原理:在采样时只允许符合约束的 token。


JSON Schema 约束

基本用法

import sglang as sgl

# 定义 JSON Schema
schema = {
    "type": "object",
    "properties": {
        "name": {"type": "string"},
        "age": {"type": "integer"},
        "email": {"type": "string", "format": "email"}
    },
    "required": ["name", "age"]
}

# 使用约束生成
response = client.chat.completions.create(
    model="meta-llama/Llama-3.1-8B-Instruct",
    messages=[
        {"role": "user", "content": "Generate user info for John"}
    ],
    response_format={
        "type": "json_schema",
        "json_schema": {
            "name": "user_info",
            "schema": schema
        }
    }
)

# 输出保证符合 schema
# {"name": "John", "age": 30, "email": "john@example.com"}

复杂 Schema

schema = {
    "type": "object",
    "properties": {
        "users": {
            "type": "array",
            "items": {
                "type": "object",
                "properties": {
                    "id": {"type": "integer"},
                    "name": {"type": "string"},
                    "roles": {
                        "type": "array",
                        "items": {"type": "string"}
                    }
                }
            }
        },
        "total": {"type": "integer"}
    }
}

正则表达式约束

基本用法

# 电话号码格式
response = client.chat.completions.create(
    model="meta-llama/Llama-3.1-8B-Instruct",
    messages=[
        {"role": "user", "content": "Generate a US phone number"}
    ],
    response_format={
        "type": "regex",
        "regex": r"\d{3}-\d{3}-\d{4}"
    }
)

# 输出: "555-123-4567"

复杂模式

# 日期格式
date_regex = r"\d{4}-\d{2}-\d{2}"

# 邮箱格式
email_regex = r"[a-zA-Z0-9._%+-]+@[a-zA-Z0-9.-]+\.[a-zA-Z]{2,}"

# 代码函数
function_regex = r"def [a-z_]+\([^)]*\):\n    .*"

实现机制

有限状态机 (FSM)

graph LR subgraph fsm["JSON FSM"] S0["开始"] S1["{"] S2["键名"] S3[":"] S4["值"] S5[","] S6["}"] S0 --> S1 S1 --> S2 S2 --> S3 S3 --> S4 S4 --> S5 S5 --> S2 S4 --> S6 end

Token 掩码计算

class JSONConstraint:
    def __init__(self, schema, tokenizer):
        self.schema = schema
        self.tokenizer = tokenizer
        self.fsm = build_fsm_from_schema(schema)

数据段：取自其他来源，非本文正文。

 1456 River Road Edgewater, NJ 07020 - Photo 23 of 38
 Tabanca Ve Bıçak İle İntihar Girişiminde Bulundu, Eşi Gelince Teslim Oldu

    def get_valid_tokens(self, state):
        """获取当前状态下的有效 token"""
        valid_chars = self.fsm.get_valid_chars(state)

        valid_tokens = []
        for token_id in range(self.tokenizer.vocab_size):
            token = self.tokenizer.decode([token_id])
            if self._can_produce(token, valid_chars):
                valid_tokens.append(token_id)

        return valid_tokens

    def apply_mask(self, logits, state):
        """应用约束掩码"""
        valid_tokens = self.get_valid_tokens(state)
        mask = torch.full_like(logits, float('-inf'))
        mask[valid_tokens] = 0
        return logits + mask

SGLang 实现

# sglang/srt/sampling/grammar.py

class GrammarSampler:
    def __init__(self, grammar, tokenizer):
        self.grammar = grammar
        self.tokenizer = tokenizer
        self.state = grammar.initial_state()

    def sample(self, logits):
        """约束采样"""
        # 获取有效 token
        valid_mask = self.grammar.get_valid_mask(self.state)

        # 应用掩码
        masked_logits = logits.masked_fill(~valid_mask, float('-inf'))

        # 采样
        token = sample_from_logits(masked_logits)

        # 更新状态
        self.state = self.grammar.advance(self.state, token)

        return token

性能优化

预编译约束

# 预编译 JSON Schema 到 FSM
compiled_schema = compile_json_schema(schema, tokenizer)

# 复用编译结果
for request in requests:
    constraint = compiled_schema.create_instance()
    # ...

批量掩码计算

def batch_get_valid_masks(constraints, states):
    """批量计算约束掩码"""
    batch_size = len(constraints)
    vocab_size = constraints[0].tokenizer.vocab_size

    masks = torch.zeros(batch_size, vocab_size, dtype=torch.bool)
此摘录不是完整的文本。